Mais sa réponse est plus essentiellement centrée sur un autre argument de Jean-Pierre Gorges. Celui-ci, cité dans le courrier, a affirmé à l'Echo Républicain : "Chartres est et doit rester une ville de province. Une telle implantation serait préjudiciable à l’équilibre sociologique et démographique de l’agglomération. [...] Ces emplois peu qualifiés vont attirer des nouveaux habitants qui vont modifier la structure de la population."
Polémique à #Chartres.
— Guillaume Kasbarian (@guillaumekasba) 9 novembre 2018
"Le maire refuse 2.000 emplois pour ne pas "dénaturer" la sociologie de sa ville": https://t.co/SiYZwAybwD
On ne crache pas sur 2000 emplois !
Ma réaction pic.twitter.com/yY3ruSv8JD
Guillaume Kasbarian y voit là un tri social. "Les masques tombent", peut-on lire dans le communiqué, qui dénonce un cheminement vers un "modèle nord-américain de résidences fermées, où l'accès d'une commune barricadée ne serait réservé qu'à certains ?"

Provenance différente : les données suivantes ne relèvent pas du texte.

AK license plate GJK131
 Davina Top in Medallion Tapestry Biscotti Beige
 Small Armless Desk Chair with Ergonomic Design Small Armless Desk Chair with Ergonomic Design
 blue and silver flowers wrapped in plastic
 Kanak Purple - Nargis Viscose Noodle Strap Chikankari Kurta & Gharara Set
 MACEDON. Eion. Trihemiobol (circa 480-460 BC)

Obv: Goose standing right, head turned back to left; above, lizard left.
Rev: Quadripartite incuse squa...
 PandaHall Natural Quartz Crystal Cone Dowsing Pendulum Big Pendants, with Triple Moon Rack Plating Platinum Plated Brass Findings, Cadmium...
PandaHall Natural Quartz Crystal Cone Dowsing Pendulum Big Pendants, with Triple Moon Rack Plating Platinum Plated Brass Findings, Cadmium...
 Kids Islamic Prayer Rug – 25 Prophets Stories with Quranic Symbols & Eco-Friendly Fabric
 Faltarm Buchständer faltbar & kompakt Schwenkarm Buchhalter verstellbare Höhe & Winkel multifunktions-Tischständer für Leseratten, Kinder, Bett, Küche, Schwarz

La question a été posée sans détour à l'élu par Matthieu Béliard sur Europe 1 : "Ce qu'on comprend aussi, c'est que vous avez peut-être un problème avec les classes les plus basses ?". L'élu a répondu abruptement : "Si c’était une entreprise qui proposait 2000 ingénieurs, je ne la prends pas non plus."
Gorges - Kasbarian, une énième passe d'armes
Ce n'est pas la première fois, loin de là, que Jean-Pierre Gorges et Guillaume Kasbarian s'écharpent. Depuis juin 2018, le torchon n'en finit plus de brûler entre l'ancien LR aux ambitions présidentielles et le nouvel élu En Marche.
En juin, les tribunes du journal municipal qualifiait, au choix, Guillaume Kasbarian de "schizophrène", "muet" ou "hémiplégique". Lui répondait en comparant l'élu local à Donald Trump. Autre affrontement, en juillet, ensuite, autour du projet de péage entre Chartres et Dreux.
Cet affrontement à grands mots serait-elle nourrie d'une animosité personnelle et politique déjà ancrée ? Elle n'arrangera en tout cas pas les relations déjà glaciales entre ces deux maillons de la chaîne politique locale.